* [WHAT IS EXPECTED]: Copy task, pictures excluded: set down exactly the lines from the one containing "Plaid Cotton Rolled Sleeve Jacket" to the end of the data below.

* [DATA SECTION]:
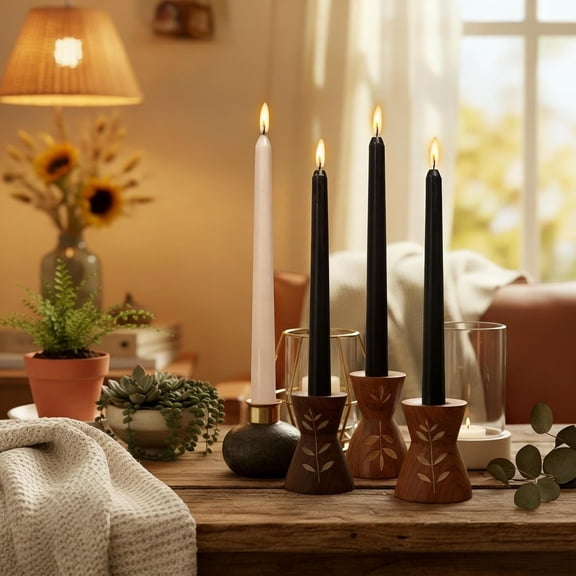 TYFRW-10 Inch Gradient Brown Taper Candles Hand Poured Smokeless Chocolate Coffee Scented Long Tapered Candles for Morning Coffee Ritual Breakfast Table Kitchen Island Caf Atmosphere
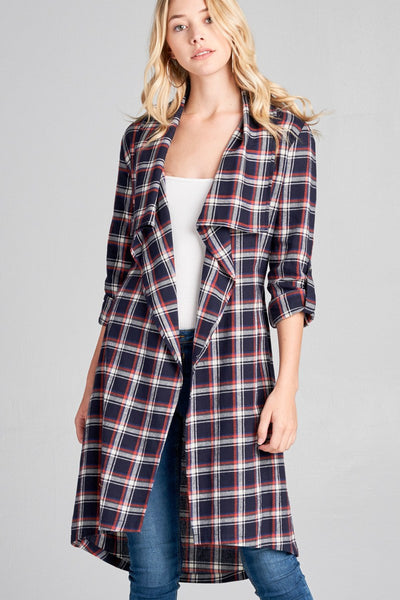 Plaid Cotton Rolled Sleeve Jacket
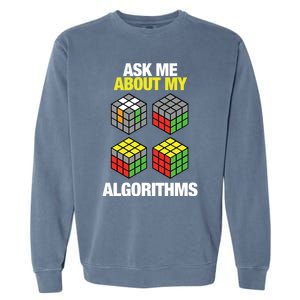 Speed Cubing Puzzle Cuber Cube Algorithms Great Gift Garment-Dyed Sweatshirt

* [RESPONSE TO THE EXERCISE]:
 Plaid Cotton Rolled Sleeve Jacket
 Speed Cubing Puzzle Cuber Cube Algorithms Great Gift Garment-Dyed Sweatshirt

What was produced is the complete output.